Well, today is the the today. Although today feels big, I guess it isn't really. In reality, I will get no answers today. But at least I will be one step closer to possibly having an answer, or at least ruling out a few things. 


Today is the day I have my first MRI of the brain and cervical spine. If you keep up with my blog, you'll already know that I've been having symptoms that are striking my doctor as neurological. We've run every test we can think of the find another diagnois. I've had a laproscopy, colonoscopy, endoscopy, countless bloodtests to rule out other autoimmune conditions or celiac disease. Everything seems to come up negative. So far we've established Irritable Bowel Syndrome and Endosalpingiosis. Neither of which would cause the type of symptoms I am now experiencing. SO off to the MRI I go. In hopes of an answer.

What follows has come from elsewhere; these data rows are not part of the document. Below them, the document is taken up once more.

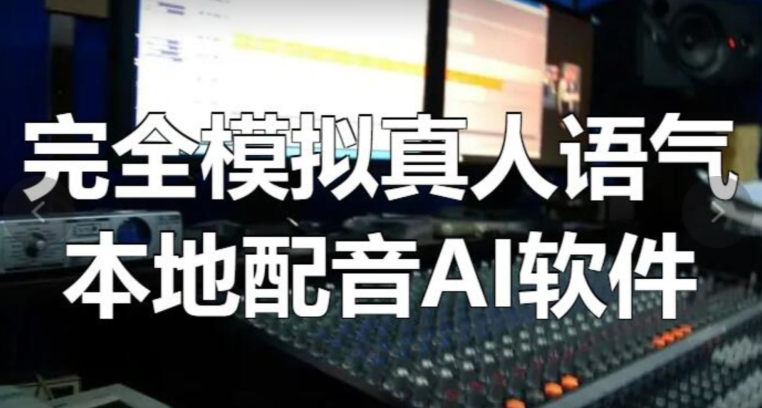 【163】完全模拟真人语气本地配音AI软件[吾爱神器]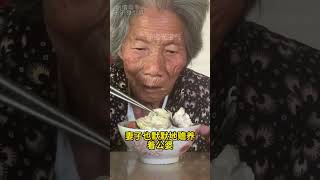 Beautiful girl respect🔥 🤯啊啊啊，震惊16亿人民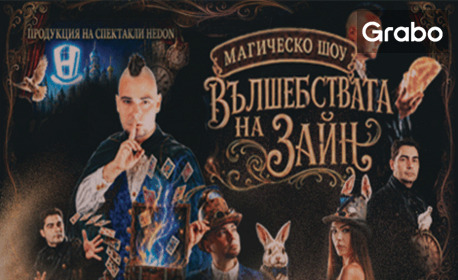 Magic Show Hedon
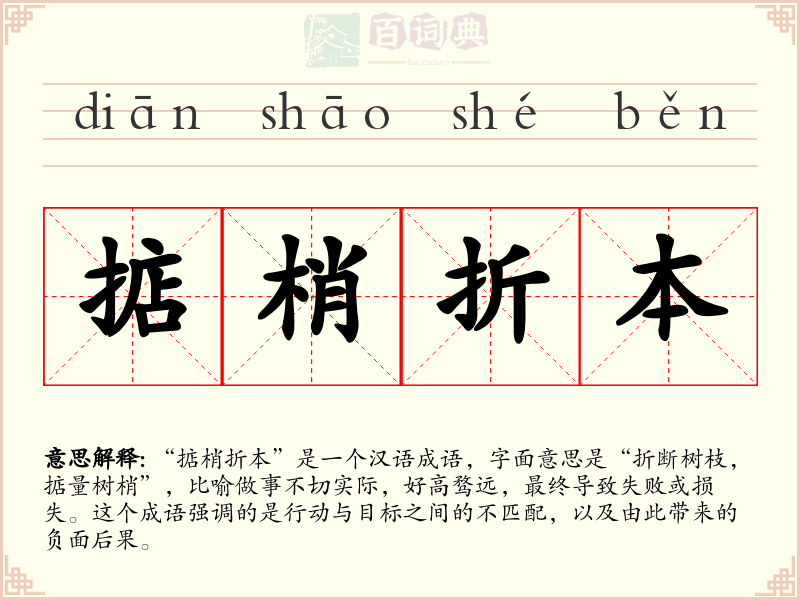 掂梢折本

I think I'm having a lot of mixed feelings about today. Many people hear that I'm having an MRI done and say "I hope they don't find anything to worry about." or "I hope you don't have MS." or something to that effect. But the thing is, it's not that I hope I have a brain condition; because obviously it's horrible and awful and painful and a lifelong challenge. But, I have been in pain since I was twelve. I've gone through phases where things weren't as bad. But I've also gone through flares where things are really bad. This past year has been bad, really bad, and then worse. And I've been left in the dark without an answer. Having this MRI is kind of my last hope that maybe we'll finally see what the problem is. But maybe we won't. And that scares me even more.


Either way, the result of this MRI is going to be a huge source of stress and emotion in my life. If I get a diagnosis; there's a whole world of issues to deal with: things to learn, new medications, treatment plans, etc. If everything seems normal: I'll be sent back to living my life in pain without an answer as to why. Which is what I've already been doing, but even more hopeless. 


I guess, over the next few days, I'll hope and pray that whatever happens, I'll be okay. I'll move forward and get stronger and feel better and be happier. Because that would be nice.